Can the 321 triage system reduce the number of late referrals for familial cancer syndromes
Session type: Proffered paper
Theme: Healthcare delivery
1% of the UK population is believed to carry single gene alterations predisposing them to certain types of cancer. We have observed number of missed opportunities for referring families affected by familial cancer syndromes, specifically referrals in which multiple family members were affected without any prior genetic testing and referrals in which all affected persons have died, limiting the opportunity for genetic testing. Late referrals to Clinical Genetics translate into missed opportunities and with intervention could prevent some of the morbidity and mortality for families affected by cancer.
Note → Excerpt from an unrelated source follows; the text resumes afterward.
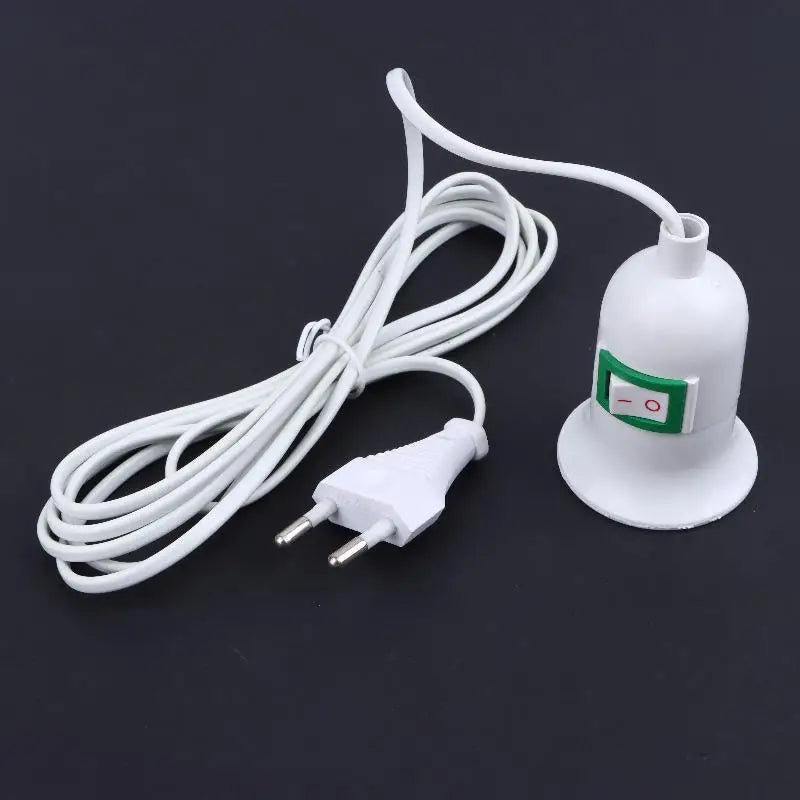 E27 Plant Grow Light Holder | On/Off Switch & EU Plug Lamp Holder Socket QXL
We introduced a simplified familial cancer triage system based on 3 individuals affected by associated cancers across 2 generations with 1 member diagnosed under the age of fifty (the 3, 2,1 system). We introduced a System 1 prompt and developed the 'Leicestershire 321 training programme' to train and assess GPs in Leicester City, subsequently comparing referrals with those from Leicestershire and Rutland county over 2 years.
We found general practitioners able to use the triage tool to effectively refer individuals at risk of familial breast and ovarian cancer, identifying difficulty with hormone receptor negative breast cancer, medullary thyroid cancer and colorectal cancer diagnosis below the age of fifty. We found the total referral number increased in both city and county groups (by 45% and 35% respectively) and while there were significantly fewer affected and deceased relatives in both groups with more referrals with 3 or more affected individuals, there was no significant difference between city and county referrals attributable to the triage system.
We demonstrated that the 321 system is easy to teach and does not alter the number or quality of referrals. Our research has lead to the development of a internet based familial cancer calculator (CancerPDX.com) to aid patients and GPs in counselling families affected by cancer.